By Jaykrishna Yadav, Inaruwa, Aug. 23: The paddy planted in the fields of Sunsari have all dried up. It has hardly rained a drop here in the past month and the temperatures are as high as they have ever been in living memory. The locals feel that this may have something to do with the Hindu God of rain Indra and thus, to appease him, women have started performing Jatjatin.
Shiva Narayan, a local of Chhitaha, Gadhi Rural Municipality–3, told The Rising Nepal that women from all over the village gathered in one place and performed the Jatjatin play Sunday night to make it rain.
According to one villager Bhola Devi Yadav, Jatjatin is a kind of play wherein women act out a fight through folk songs. It begins with a group of women putting a crushed frog in a pot full of cow dung and faeces and urine of various animals.
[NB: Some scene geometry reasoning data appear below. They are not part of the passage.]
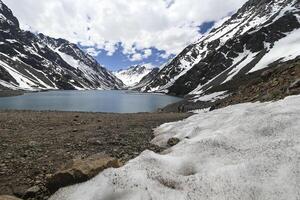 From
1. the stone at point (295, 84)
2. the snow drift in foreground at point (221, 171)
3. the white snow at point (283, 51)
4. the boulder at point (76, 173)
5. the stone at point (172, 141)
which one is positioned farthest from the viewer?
the white snow at point (283, 51)

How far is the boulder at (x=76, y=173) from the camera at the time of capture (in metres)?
13.3

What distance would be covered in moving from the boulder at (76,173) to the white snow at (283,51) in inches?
4597

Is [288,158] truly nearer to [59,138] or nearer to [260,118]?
[260,118]

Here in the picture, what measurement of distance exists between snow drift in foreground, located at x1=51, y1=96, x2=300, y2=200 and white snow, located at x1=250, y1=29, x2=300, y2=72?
112175 millimetres

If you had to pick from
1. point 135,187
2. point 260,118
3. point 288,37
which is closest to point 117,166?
point 135,187

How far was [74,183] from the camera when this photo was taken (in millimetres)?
13328

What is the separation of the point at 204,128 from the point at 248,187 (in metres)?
9.91

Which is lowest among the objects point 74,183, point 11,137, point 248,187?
point 248,187

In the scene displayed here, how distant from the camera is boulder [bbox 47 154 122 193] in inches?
525

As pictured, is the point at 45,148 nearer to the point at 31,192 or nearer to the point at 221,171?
the point at 31,192

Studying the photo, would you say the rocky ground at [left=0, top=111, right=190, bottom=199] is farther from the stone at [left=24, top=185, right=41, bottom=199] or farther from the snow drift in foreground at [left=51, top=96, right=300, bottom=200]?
the snow drift in foreground at [left=51, top=96, right=300, bottom=200]

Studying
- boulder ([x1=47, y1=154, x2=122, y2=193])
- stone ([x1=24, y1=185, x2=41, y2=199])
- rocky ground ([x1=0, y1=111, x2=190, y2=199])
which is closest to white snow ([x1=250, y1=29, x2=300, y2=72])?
rocky ground ([x1=0, y1=111, x2=190, y2=199])

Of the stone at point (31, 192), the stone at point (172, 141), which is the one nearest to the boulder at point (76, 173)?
the stone at point (31, 192)

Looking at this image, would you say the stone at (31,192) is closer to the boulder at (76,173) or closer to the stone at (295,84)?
the boulder at (76,173)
They mix it all together and dump this putrid concoction in the yard of a lady deemed unnecessarily quarrelsome by the community.
The supposedly quarrelsome woman then pretends to be angry and starts cursing the excrement throwers. After a while, she stops and the first group of women divide themselves into two teams. The teams are led by two young women called Jat and Jatin. The two groups then begin singing and dancing.
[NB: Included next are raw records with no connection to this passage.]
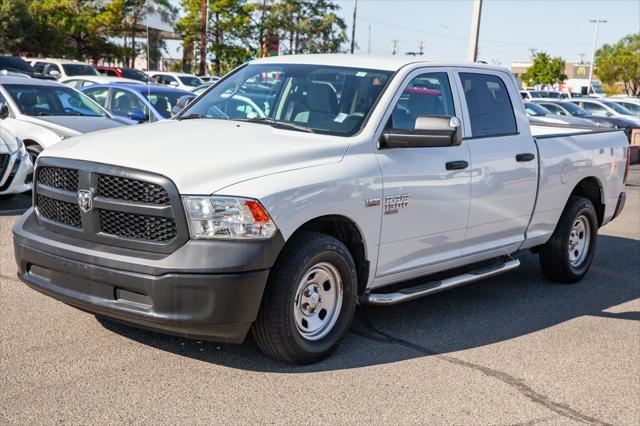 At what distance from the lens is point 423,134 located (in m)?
5.26

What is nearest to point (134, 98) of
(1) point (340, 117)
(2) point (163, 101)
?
(2) point (163, 101)

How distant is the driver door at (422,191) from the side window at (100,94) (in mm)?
9199

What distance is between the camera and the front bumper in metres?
4.35

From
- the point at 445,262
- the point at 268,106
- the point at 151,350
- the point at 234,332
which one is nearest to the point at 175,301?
the point at 234,332

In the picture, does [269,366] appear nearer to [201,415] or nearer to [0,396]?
[201,415]

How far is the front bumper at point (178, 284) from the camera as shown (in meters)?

This performance is believed to entertain Indra who is then expected to make it rain as a sign of his pleasure.
Men are not allowed to participate in Jatjatin, which lasts a few hours, but children are allowed to watch.
The women gathered for Sunday’s Jatjatin shared that it was a narrative play which included stories of marriage, spouses going abroad, mutual disagreements and happy unions. It is a play that is closely associated with social realities, they said.
Meanwhile, farmers have also been carrying out worship ceremonies for other deities to make it rain. They have been offering sweets, special paper horses, bells and animal sacrifices.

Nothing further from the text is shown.